# Ngô Quốc Anh

## July 31, 2009

### A property of the essentially bounded function

Let $E$ be a subset of $\mathbb R^n$ with $|E| < \infty$ in Lebesgue sense. Suppose $f \in L^\infty(E)$ and $\| f\|_\infty > 0$. Set

$\displaystyle {a_n} = \int_E {{{\left| f \right|}^n}}$

for $n=1,2,3,...$ Show that

$\displaystyle\mathop {\lim }\limits_{n \to \infty } \frac{{{a_{n + 1}}}} {{{a_n}}} = {\left\| f \right\|_\infty }$.

Solution.
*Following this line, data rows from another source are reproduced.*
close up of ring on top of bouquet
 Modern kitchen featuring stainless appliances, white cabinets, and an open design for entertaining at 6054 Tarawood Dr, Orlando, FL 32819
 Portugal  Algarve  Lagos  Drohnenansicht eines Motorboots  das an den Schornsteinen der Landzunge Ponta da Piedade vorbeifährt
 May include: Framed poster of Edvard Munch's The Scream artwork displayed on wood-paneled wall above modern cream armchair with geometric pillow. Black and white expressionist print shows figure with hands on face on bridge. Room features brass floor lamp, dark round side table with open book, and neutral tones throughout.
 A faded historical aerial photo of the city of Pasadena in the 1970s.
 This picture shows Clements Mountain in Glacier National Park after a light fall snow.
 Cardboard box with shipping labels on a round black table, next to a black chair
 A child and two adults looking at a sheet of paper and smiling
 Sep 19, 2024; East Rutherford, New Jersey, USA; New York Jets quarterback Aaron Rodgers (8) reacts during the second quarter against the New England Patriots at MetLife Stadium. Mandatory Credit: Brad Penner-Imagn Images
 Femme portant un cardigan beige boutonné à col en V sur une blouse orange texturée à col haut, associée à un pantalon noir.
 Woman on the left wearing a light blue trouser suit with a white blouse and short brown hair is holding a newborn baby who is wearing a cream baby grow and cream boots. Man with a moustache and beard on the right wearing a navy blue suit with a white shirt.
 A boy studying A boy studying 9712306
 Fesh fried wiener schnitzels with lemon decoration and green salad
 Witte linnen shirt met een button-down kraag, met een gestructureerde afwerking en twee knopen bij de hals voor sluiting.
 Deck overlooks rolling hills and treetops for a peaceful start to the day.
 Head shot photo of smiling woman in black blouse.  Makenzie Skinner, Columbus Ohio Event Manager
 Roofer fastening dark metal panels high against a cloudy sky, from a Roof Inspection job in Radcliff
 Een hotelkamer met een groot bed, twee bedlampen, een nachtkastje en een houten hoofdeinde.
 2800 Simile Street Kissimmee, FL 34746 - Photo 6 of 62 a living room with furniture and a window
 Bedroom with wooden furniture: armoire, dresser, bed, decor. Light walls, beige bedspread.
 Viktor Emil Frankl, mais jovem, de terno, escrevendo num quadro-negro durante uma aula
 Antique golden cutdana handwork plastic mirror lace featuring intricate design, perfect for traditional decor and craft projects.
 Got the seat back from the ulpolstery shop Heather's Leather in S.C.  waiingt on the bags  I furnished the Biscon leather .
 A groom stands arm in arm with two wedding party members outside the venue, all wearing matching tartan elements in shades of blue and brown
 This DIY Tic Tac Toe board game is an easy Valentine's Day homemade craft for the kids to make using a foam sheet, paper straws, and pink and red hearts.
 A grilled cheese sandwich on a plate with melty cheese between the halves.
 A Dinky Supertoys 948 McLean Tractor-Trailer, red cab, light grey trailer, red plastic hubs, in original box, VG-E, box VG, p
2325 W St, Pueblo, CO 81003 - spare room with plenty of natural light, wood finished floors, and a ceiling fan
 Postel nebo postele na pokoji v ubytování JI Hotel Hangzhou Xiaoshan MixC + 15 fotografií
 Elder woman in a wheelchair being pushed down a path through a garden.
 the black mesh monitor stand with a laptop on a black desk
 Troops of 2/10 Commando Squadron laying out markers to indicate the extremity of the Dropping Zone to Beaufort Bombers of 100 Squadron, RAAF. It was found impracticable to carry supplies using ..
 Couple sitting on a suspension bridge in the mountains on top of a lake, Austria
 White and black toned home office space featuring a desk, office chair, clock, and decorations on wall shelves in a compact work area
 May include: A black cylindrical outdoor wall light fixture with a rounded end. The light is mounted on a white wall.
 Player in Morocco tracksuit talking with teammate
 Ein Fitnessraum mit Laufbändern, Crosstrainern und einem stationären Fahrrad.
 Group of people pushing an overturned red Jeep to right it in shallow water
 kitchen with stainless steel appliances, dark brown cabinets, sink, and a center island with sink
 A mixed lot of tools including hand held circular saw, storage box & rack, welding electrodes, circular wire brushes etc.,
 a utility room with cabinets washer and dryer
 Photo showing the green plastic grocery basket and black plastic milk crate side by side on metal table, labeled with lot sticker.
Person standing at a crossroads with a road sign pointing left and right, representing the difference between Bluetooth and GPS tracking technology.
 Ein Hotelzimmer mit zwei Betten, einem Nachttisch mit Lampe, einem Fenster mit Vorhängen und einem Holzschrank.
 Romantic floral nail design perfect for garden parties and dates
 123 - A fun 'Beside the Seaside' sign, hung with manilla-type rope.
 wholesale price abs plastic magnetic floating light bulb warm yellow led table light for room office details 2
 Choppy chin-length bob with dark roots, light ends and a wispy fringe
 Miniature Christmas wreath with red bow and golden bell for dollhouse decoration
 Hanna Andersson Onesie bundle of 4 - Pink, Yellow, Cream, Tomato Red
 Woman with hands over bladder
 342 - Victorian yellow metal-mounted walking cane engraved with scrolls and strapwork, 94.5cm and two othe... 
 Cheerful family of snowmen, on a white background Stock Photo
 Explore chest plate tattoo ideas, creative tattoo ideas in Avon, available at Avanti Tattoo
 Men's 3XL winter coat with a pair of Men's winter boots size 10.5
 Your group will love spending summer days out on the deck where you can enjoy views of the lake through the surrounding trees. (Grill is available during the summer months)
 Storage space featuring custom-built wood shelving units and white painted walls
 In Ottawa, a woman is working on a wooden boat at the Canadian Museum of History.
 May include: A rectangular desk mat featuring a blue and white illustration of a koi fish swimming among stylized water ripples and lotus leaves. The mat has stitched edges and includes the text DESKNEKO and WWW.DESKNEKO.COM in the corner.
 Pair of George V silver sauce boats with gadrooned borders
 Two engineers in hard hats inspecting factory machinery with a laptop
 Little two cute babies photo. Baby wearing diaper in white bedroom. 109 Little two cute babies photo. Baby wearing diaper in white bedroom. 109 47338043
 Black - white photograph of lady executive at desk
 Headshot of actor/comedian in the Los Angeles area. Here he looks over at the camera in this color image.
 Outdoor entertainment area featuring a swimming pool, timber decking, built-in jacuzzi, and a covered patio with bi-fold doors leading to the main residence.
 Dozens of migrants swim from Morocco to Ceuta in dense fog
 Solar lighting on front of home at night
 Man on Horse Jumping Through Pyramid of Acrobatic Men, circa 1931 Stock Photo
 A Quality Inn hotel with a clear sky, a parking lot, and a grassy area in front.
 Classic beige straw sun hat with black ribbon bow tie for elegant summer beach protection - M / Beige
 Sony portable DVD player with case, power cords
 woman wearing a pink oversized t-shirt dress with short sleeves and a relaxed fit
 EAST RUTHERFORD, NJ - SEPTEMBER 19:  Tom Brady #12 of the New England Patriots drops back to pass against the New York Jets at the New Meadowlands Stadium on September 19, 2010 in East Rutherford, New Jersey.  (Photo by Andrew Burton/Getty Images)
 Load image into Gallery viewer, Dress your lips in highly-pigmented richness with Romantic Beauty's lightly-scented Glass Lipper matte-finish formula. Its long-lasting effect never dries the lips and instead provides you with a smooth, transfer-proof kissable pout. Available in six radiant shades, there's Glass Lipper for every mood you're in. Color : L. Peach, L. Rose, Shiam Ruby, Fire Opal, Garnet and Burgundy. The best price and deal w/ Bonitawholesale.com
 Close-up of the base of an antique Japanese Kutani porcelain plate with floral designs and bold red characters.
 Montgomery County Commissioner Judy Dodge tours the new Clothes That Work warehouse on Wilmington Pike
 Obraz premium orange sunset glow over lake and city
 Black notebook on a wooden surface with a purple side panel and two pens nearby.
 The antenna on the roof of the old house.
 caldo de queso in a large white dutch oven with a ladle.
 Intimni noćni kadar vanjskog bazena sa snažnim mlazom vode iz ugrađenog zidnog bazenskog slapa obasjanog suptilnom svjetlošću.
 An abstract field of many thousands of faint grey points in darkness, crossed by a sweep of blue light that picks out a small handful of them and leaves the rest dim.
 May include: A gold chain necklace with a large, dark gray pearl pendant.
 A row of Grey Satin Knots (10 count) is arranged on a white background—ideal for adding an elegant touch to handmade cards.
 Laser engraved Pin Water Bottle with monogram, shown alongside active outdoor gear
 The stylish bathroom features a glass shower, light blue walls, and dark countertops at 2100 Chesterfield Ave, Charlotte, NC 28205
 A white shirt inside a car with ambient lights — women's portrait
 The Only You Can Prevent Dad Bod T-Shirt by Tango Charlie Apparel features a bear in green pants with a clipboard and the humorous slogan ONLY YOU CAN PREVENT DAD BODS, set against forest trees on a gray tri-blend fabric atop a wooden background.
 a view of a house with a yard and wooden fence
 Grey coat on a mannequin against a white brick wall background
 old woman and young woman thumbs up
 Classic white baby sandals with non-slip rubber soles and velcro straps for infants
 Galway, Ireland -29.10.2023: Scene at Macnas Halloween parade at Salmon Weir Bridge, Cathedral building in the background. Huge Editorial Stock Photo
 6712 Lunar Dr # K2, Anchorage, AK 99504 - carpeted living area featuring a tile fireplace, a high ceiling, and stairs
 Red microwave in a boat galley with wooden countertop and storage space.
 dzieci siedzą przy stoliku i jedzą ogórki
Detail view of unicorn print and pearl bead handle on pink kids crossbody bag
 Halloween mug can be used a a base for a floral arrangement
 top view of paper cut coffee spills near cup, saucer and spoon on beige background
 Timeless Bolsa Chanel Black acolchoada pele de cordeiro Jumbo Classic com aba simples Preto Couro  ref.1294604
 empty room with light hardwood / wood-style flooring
For any $\alpha$ with $0<\alpha < \|f\|_\infty$, let

$\displaystyle{E_\alpha } = \left\{ {x \in E: f\left( x \right) \geqslant \alpha } \right\}$

and

$\displaystyle {F_\alpha } = E\backslash {E_\alpha }$

then $|E_\alpha|>0$. For any $k \in \mathbb N$, by the Dominated Convergence Theorem,

$\displaystyle\mathop{\lim }\limits_{n\to\infty }\left({\dfrac{{\int_{{F_\alpha }}{{{\left| f\right|}^{n+k}}}}}{{\int_{{E_\alpha }}{{{\left| f\right|}^{n}}}}}}\right)\leqslant\underbrace{\mathop{\lim }\limits_{n\to\infty }\frac{1}{{\left|{{E_\alpha }}\right|}}\int_{{F_\alpha }}{{{\left|{\frac{f}{\alpha }}\right|}^{n}}\left\| f\right\|_\infty^{k}}}_{0}$.

Hence

$\displaystyle\mathop{\lim\inf }\limits_{n\to\infty }\left({\frac{{\int_{E}{{{\left| f\right|}^{n+1}}}}}{{\int_{E}{{{\left| f\right|}^{n}}}}}}\right)\geqslant\mathop{\lim\inf }\limits_{n\to\infty }\left({\frac{{\alpha\int_{{E_\alpha }}{{{\left| f\right|}^{n}}}+\int_{{F_\alpha }}{{{\left| f\right|}^{n+1}}}}}{{\int_{{E_\alpha }}{{{\left| f\right|}^{n}}}+\int_{{F_\alpha }}{{{\left| f\right|}^{n}}}}}}\right) =\alpha$.

Letting $\alpha \nearrow {\left\| f \right\|_\infty }$, we get that

$\displaystyle\mathop{\lim }\limits_{n\to\infty }\left({\frac{{\int_{E}{{{\left| f\right|}^{n+1}}}}}{{\int_{E}{{{\left| f\right|}^{n}}}}}}\right) ={\left\| f\right\|_\infty }$.

As an application, if we put $a_0 = 1$, then from

$\displaystyle {a_{n + 1}} = \frac{{{a_1}}} {{{a_0}}}.\frac{{{a_2}}} {{{a_1}}} \cdots\frac{{{a_{n + 1}}}} {{{a_n}}}$

we deduce that

$\displaystyle\mathop{\lim }\limits_{n\to\infty }\sqrt[n]{{{a_{n}}}}=\mathop{\lim }\limits_{n\to\infty }\frac{{{a_{n+1}}}}{{{a_{n}}}}={\left\| f\right\|_\infty }$.

In other words,

$\displaystyle\mathop{\lim }\limits_{n\to\infty }{\left({\int_{E}{{{\left| f\right|}^{n}}}}\right)^{\frac{1}{n}}}={\left\| f\right\|_\infty }$.